# Task details
What you return should match the material below line for line, except that no image appears in it.

# Given material
★ ★ ★ ★ ★ ★ ★

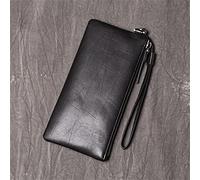 SJZZJSBX 1pcs Men's Clutch Women's Long Wallet Soft Leather Thin Phone Bag Multi-Card Wallet (A,20 * 1 * 10m)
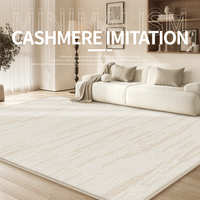 Tapis de salon moderne en laine de polyester à poils longs fabriqué à la machine, grand tapis de chambre à coucher pour le sol, le bureau
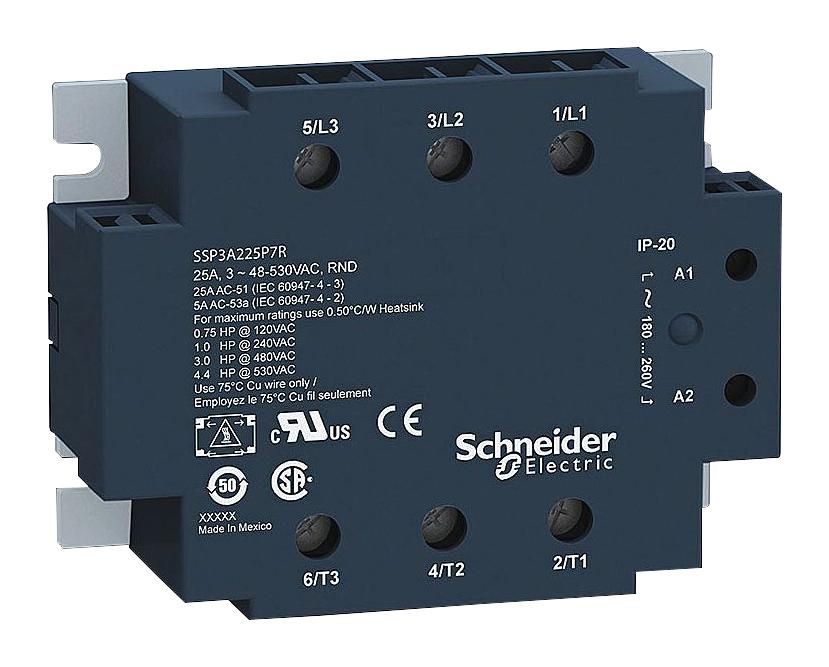 SSP3A250BDRT SOLID STATE RELAY, 3PST-NO, 50A, 4-32VDC SCHNEIDER ELECTRIC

★ ★ ★ ★ ★ ★ ★

# Reply
 SJZZJSBX 1pcs Men's Clutch Women's Long Wallet Soft Leather Thin Phone Bag Multi-Card Wallet (A,20 * 1 * 10m)
 Tapis de salon moderne en laine de polyester à poils longs fabriqué à la machine, grand tapis de chambre à coucher pour le sol, le bureau
 SSP3A250BDRT SOLID STATE RELAY, 3PST-NO, 50A, 4-32VDC SCHNEIDER ELECTRIC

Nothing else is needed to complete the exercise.